| RECORD SET |
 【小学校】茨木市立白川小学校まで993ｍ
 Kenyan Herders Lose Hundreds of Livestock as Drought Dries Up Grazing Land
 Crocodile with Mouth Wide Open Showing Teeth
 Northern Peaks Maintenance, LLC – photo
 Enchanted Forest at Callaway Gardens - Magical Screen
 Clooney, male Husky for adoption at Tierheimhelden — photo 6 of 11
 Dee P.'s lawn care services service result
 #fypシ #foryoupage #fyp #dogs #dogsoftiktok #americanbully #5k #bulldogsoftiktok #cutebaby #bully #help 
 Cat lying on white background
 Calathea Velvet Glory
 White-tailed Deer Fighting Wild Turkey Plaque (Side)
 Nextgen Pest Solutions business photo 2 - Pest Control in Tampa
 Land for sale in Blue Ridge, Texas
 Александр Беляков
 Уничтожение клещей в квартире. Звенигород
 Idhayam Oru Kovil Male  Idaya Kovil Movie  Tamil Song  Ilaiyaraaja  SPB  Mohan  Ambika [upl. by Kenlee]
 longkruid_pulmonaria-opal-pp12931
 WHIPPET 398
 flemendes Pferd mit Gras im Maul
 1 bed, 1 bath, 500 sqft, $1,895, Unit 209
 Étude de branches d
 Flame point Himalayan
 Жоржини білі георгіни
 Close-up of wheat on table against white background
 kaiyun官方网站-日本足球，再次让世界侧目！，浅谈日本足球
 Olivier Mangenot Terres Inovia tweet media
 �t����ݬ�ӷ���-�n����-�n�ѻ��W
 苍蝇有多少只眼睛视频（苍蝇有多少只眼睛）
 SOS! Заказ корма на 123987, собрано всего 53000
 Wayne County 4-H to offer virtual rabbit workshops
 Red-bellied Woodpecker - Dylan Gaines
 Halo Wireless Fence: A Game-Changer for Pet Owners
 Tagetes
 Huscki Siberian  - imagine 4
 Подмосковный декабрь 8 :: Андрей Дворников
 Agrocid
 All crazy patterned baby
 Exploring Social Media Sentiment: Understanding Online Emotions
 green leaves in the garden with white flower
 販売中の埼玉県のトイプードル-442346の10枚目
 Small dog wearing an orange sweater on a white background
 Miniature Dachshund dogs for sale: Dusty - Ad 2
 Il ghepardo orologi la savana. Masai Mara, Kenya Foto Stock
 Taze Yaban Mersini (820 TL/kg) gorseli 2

| WHAT THE EXERCISE ASKS |
Set the records down again in full, exactly as they read.

| SOLVED PROBLEM |
 【小学校】茨木市立白川小学校まで993ｍ
 Kenyan Herders Lose Hundreds of Livestock as Drought Dries Up Grazing Land
 Crocodile with Mouth Wide Open Showing Teeth
 Northern Peaks Maintenance, LLC – photo
 Enchanted Forest at Callaway Gardens - Magical Screen
 Clooney, male Husky for adoption at Tierheimhelden — photo 6 of 11
 Dee P.'s lawn care services service result
 #fypシ #foryoupage #fyp #dogs #dogsoftiktok #americanbully #5k #bulldogsoftiktok #cutebaby #bully #help 
 Cat lying on white background
 Calathea Velvet Glory
 White-tailed Deer Fighting Wild Turkey Plaque (Side)
 Nextgen Pest Solutions business photo 2 - Pest Control in Tampa
 Land for sale in Blue Ridge, Texas
 Александр Беляков
 Уничтожение клещей в квартире. Звенигород
 Idhayam Oru Kovil Male  Idaya Kovil Movie  Tamil Song  Ilaiyaraaja  SPB  Mohan  Ambika [upl. by Kenlee]
 longkruid_pulmonaria-opal-pp12931
 WHIPPET 398
 flemendes Pferd mit Gras im Maul
 1 bed, 1 bath, 500 sqft, $1,895, Unit 209
 Étude de branches d
 Flame point Himalayan
 Жоржини білі георгіни
 Close-up of wheat on table against white background
 kaiyun官方网站-日本足球，再次让世界侧目！，浅谈日本足球
 Olivier Mangenot Terres Inovia tweet media
 �t����ݬ�ӷ���-�n����-�n�ѻ��W
 苍蝇有多少只眼睛视频（苍蝇有多少只眼睛）
 SOS! Заказ корма на 123987, собрано всего 53000
 Wayne County 4-H to offer virtual rabbit workshops
 Red-bellied Woodpecker - Dylan Gaines
 Halo Wireless Fence: A Game-Changer for Pet Owners
 Tagetes
 Huscki Siberian  - imagine 4
 Подмосковный декабрь 8 :: Андрей Дворников
 Agrocid
 All crazy patterned baby
 Exploring Social Media Sentiment: Understanding Online Emotions
 green leaves in the garden with white flower
 販売中の埼玉県のトイプードル-442346の10枚目
 Small dog wearing an orange sweater on a white background
 Miniature Dachshund dogs for sale: Dusty - Ad 2
 Il ghepardo orologi la savana. Masai Mara, Kenya Foto Stock
 Taze Yaban Mersini (820 TL/kg) gorseli 2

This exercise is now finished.